Lucca Film Festival: David Lynch Drops Clues for 'Twin Peaks' Sequel

David Lynch
David Lynch

The director also tweeted hints that a return may be imminent

David Lynch was the guest of honor at the 10th edition of the Lucca Film Festival in Tuscany, Italy. He was honored with a live concert of Angelo Badalamenti music from his films in a 15th century church, participated in a panel on Transcendental Meditation and gave a master class on cinema. The latter was so packed that a mob formed outside chanting until they were let in.

Before receiving his lifetime achievement award at the festival, Lynch was drilled on the ongoing question of whether or not there would be a Twin Peaks sequel.

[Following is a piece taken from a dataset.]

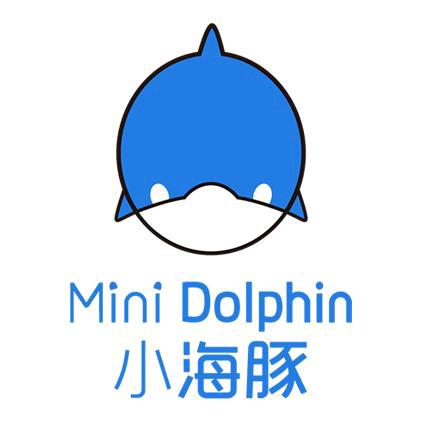小海豚哈尔滨中汇加油站
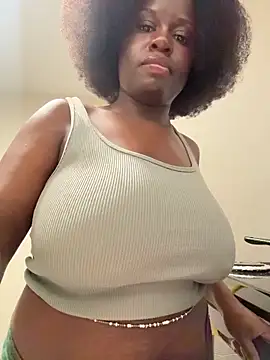 ladiosa_selene's Live XXX Chat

In the final episode of Twin Peaks, which takes place in 1989, character Laura Palmer tells Agent Dale Cooper, "I will see you again in 25 years." And fans have been awaiting an answer ever since. Last year, when an Internet rumor broke out hinting at the possibility of a third season, the director’s daughter Jennifer Lynch took to Facebook to post, "I AM PUTTING TO REST ALL STORIES OF TWIN PEAKS RETURN. THIS IS NOT HAPPENING."

But the rumors came back like wildfire this summer with the release of Twin Peaks: The Entire Mystery Blu-ray box set with 90 minutes of deleted and extended scenes. Lynch spoke to The Guardian about the possibility of a sequel: "In another life, yes." Then added, "Like I say, you never say never."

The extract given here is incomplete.